Records from a data source
-----

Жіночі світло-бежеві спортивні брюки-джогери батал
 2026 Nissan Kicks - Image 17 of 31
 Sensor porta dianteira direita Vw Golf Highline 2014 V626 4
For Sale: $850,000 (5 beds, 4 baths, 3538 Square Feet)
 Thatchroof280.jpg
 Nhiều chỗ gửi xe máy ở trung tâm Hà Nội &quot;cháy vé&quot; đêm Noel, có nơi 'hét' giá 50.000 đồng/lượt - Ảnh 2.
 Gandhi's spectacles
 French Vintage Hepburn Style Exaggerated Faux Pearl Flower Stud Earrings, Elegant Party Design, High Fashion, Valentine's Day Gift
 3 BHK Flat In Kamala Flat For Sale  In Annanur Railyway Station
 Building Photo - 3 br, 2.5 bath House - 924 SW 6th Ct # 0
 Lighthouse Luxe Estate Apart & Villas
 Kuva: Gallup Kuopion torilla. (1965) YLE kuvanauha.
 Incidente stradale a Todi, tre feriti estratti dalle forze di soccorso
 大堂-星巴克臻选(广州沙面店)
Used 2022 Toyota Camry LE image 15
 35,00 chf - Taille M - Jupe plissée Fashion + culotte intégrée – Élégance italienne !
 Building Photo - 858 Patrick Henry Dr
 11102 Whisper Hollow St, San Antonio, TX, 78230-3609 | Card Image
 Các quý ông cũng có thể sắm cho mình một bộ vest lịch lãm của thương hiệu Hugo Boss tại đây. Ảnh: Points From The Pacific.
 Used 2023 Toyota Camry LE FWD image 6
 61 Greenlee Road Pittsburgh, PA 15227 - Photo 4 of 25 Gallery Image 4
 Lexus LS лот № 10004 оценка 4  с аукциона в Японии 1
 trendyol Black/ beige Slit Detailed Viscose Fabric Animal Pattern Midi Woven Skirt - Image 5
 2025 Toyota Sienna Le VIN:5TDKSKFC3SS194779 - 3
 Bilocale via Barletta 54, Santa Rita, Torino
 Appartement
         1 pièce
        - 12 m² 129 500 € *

-----

Problem description
Reply with one number only, the count of lines above that hold the string "Fashion".

Task output
2